4.1.4 RDK S Model Zoo Usage Guide
Branch and System Requirements
RDK S series (S100 / S600) uses the rdk_s branch as the main delivery branch. Recommended system version: RDK OS >= 4.0.5. Python samples in this branch uniformly use the hbm_runtime inference interface.
git clone https://github.com/D-Robotics/rdk_model_zoo.git
cd rdk_model_zoo
git checkout rdk_s
Legacy demos for the RDK S series are retained in the RDK Model Zoo S repository.
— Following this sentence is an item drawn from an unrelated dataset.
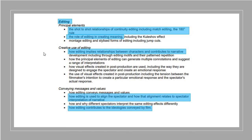Thirdly, you need to think about editing: the shot-to-shot relationships of continuity editing — why do certain shots follow the shot previous to them, is there a relationship between the two? The role of editing in creating meaning, how editing implies relationships between characters and contributes to the narrative, how editing is used to align the spectator, and how editing contributes to the ideologies of the film.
The rdk_s branch is the reorganized new version.
Repository Directory Structure
The rdk_s branch uses a standardized directory structure, organized by domain and model:
rdk_model_zoo/
|-- samples/
| |-- vision/ # Vision model examples
| | |-- lanenet/ # Lane detection
| | |-- mobilenetv2/ # Image classification
| | |-- paddle_ocr/ # OCR text recognition
| | |-- resnet18/ # Image classification
| | |-- unetmobilenet/ # Semantic segmentation
| | |-- yolo11/ # YOLO11 detection
| | |-- yolo11_pose/ # YOLO11 pose estimation
| | |-- yolo11_seg/ # YOLO11 instance segmentation
| | |-- yoloe11_seg/ # YOLOE11 instance segmentation
| | |-- yolov5/ # YOLOv5 detection
| | `-- ...
| `-- speech/ # Speech model examples
| `-- asr/ # Speech recognition
|-- datasets/ # Public datasets and sample data
|-- docs/ # Project specs and reference documentation
|-- tools/ # Conversion/build/utility tools
|-- tros/ # TROS integration guides and examples
`-- utils/ # Shared Python / C++ utilities
Individual Sample Structure
Each RDK S sample contains the following standardized directories:
sample_name/
|-- README.md # English documentation
|-- README_cn.md # Chinese documentation
|-- conversion/ # ONNX → HBM conversion configs
|-- evaluator/ # Accuracy and performance evaluation
|-- model/ # Pre-compiled .hbm models + download scripts
|-- runtime/
| |-- python/ # Python inference (main.py, <model>.py, run.sh)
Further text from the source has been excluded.